Data supplied Start Marker

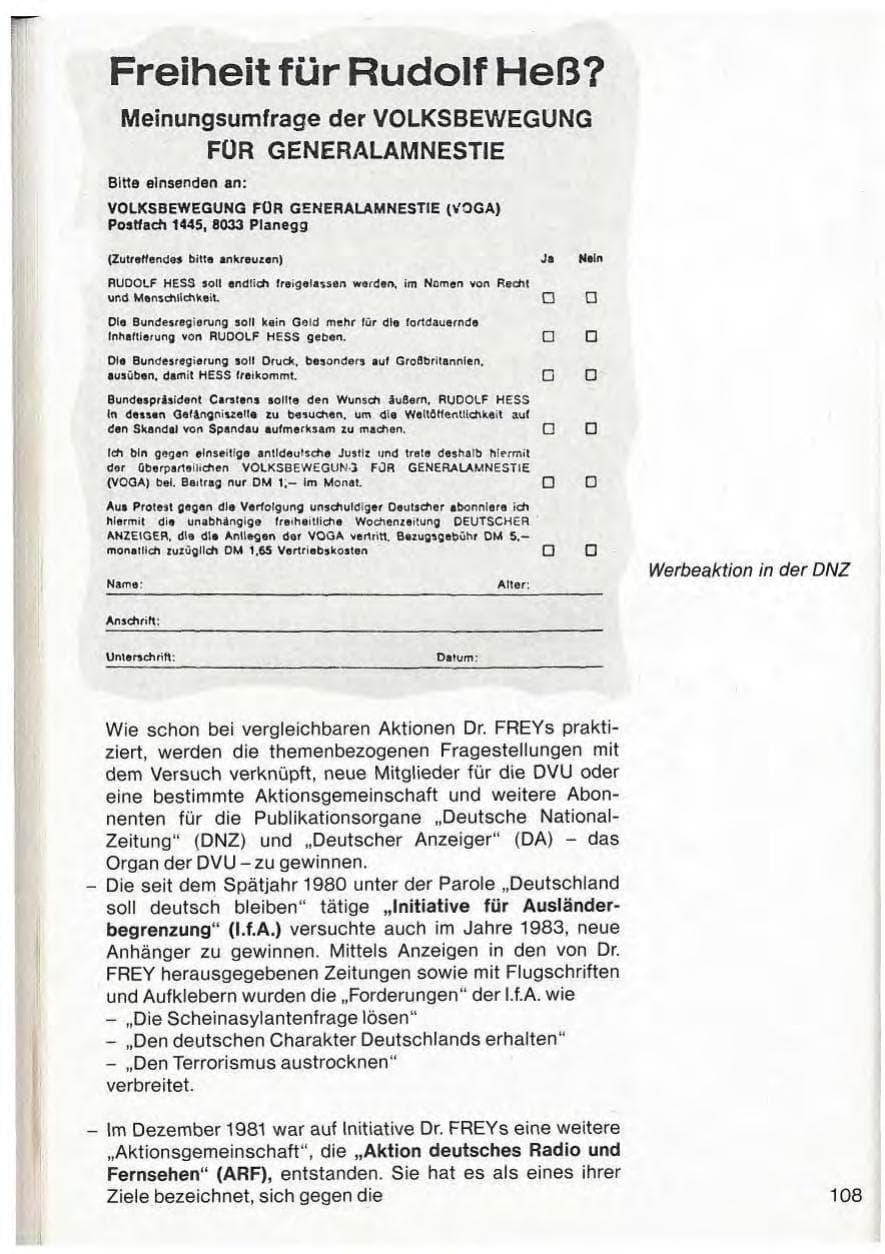 Seite 110 des Verfassungsschutzbericht 1983 Baden-Württemberg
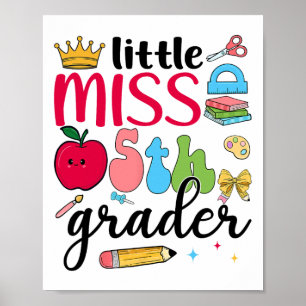 Kleine juf 5e klas vijfde schooldag vijfde klas poster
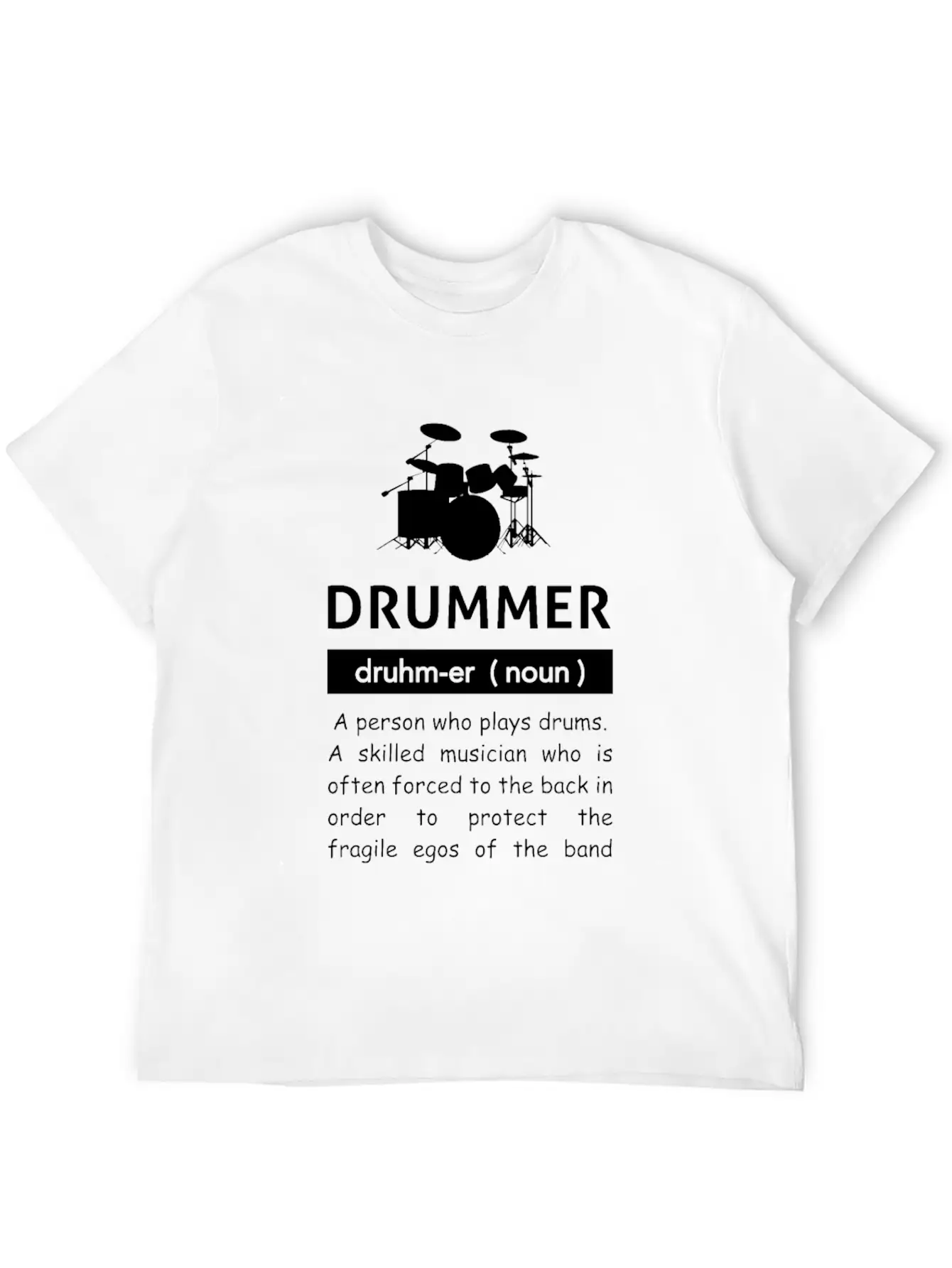 Definition Of Drummer Musician Band Unisex Short Sleeve Soft Cotton T-Shirt – Casual Everyday Wear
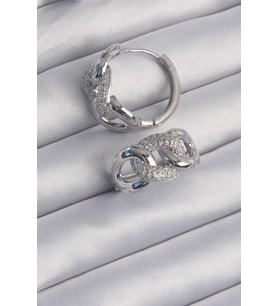 Pirinç Gümüş Renk Zirkon Taşlı Samanyolu Küpe TJ-BKP9199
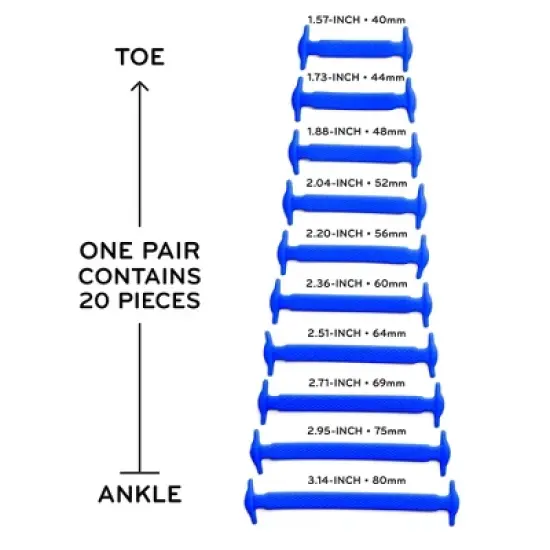 The Original Stretchlace No-Tie Silicone Elastic Shoelaces &ndash; Blue Tieless Shoe Laces (1 Set) image {2}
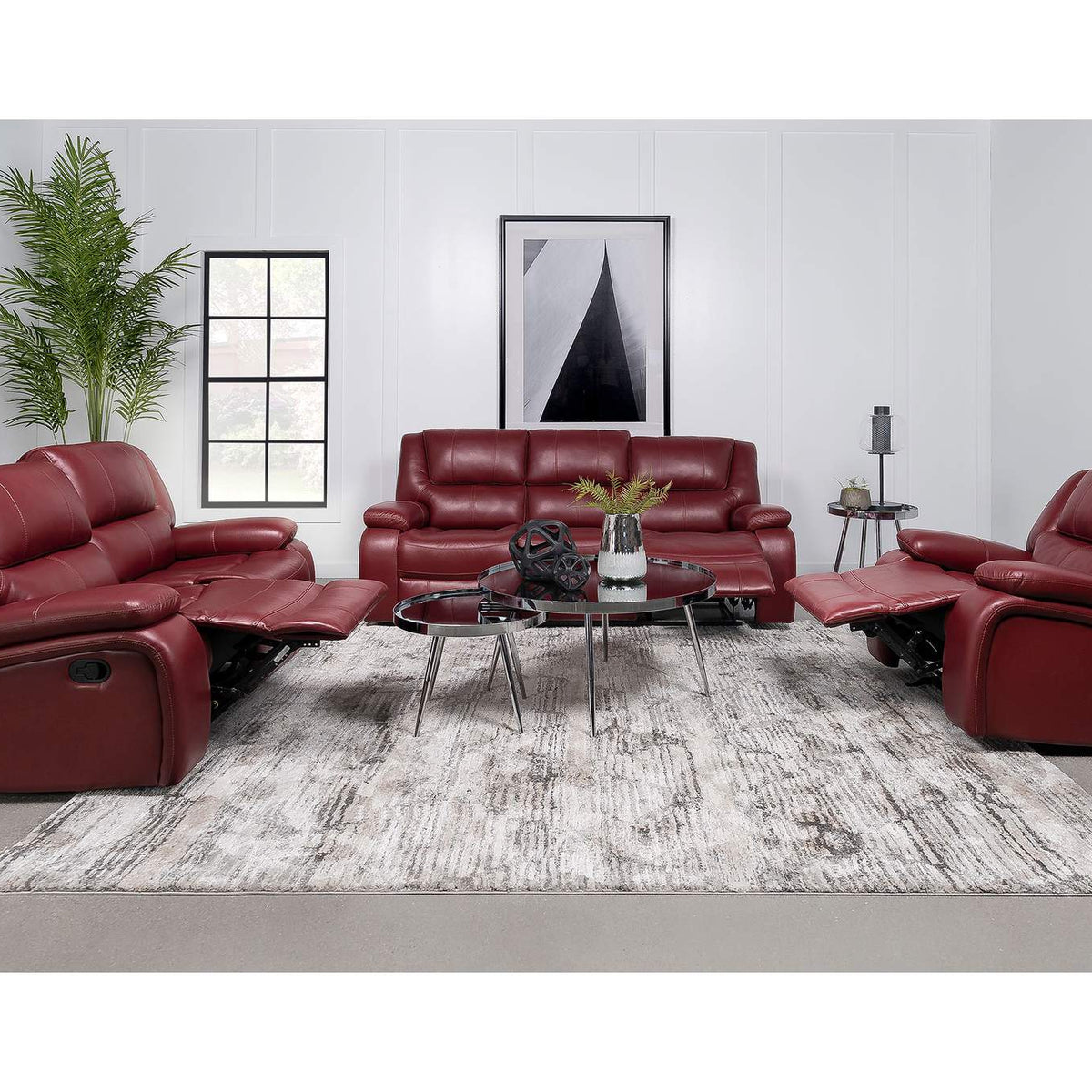 610241 Camila Upholstered Motion Reclining Sofa Red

Data supplied End Marker

Brief :: Pictures must be left out. Repeat exactly the lines from the one containing "The Original Stretchlace" through the final line of the data.

Response to this task ::
 The Original Stretchlace No-Tie Silicone Elastic Shoelaces &ndash; Blue Tieless Shoe Laces (1 Set) image {2}
 610241 Camila Upholstered Motion Reclining Sofa Red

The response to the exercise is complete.